▶ **Exercise**:
Span requested from the data below: the line with "090-003-П Проект двухэтажного" through the line with "Paldo Leder-Slingbacks mit Polka-Dot-Print Paldo", both included. Give only these lines again, exactly, and leave every picture out.

Available records START

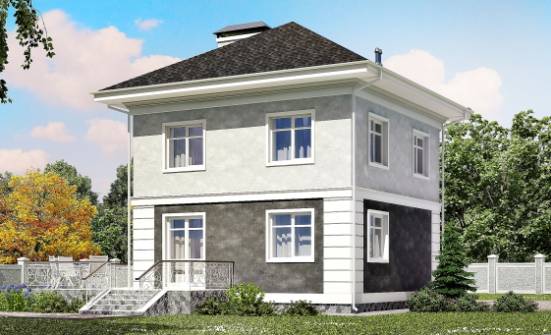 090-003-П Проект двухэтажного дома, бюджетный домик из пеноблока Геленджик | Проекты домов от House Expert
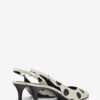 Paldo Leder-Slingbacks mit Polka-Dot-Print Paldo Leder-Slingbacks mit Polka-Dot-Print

Available records END
Available records START

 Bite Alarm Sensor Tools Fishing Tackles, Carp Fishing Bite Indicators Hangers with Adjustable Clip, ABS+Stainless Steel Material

Available records END
Available records START

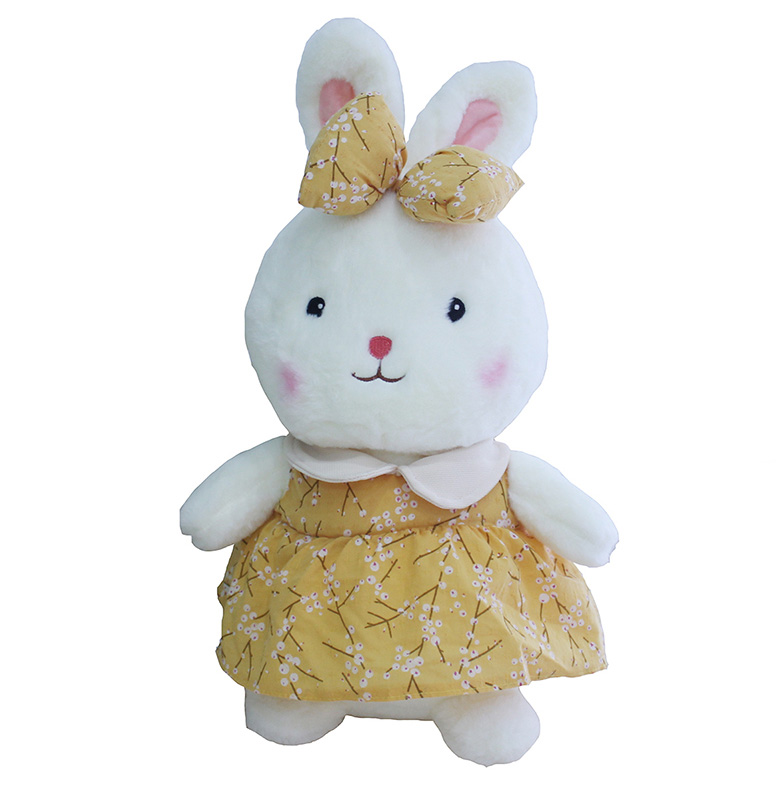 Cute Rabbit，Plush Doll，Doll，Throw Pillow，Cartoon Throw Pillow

Available records END

▶ **Output below**:
 090-003-П Проект двухэтажного дома, бюджетный домик из пеноблока Геленджик | Проекты домов от House Expert
 Paldo Leder-Slingbacks mit Polka-Dot-Print Paldo Leder-Slingbacks mit Polka-Dot-Print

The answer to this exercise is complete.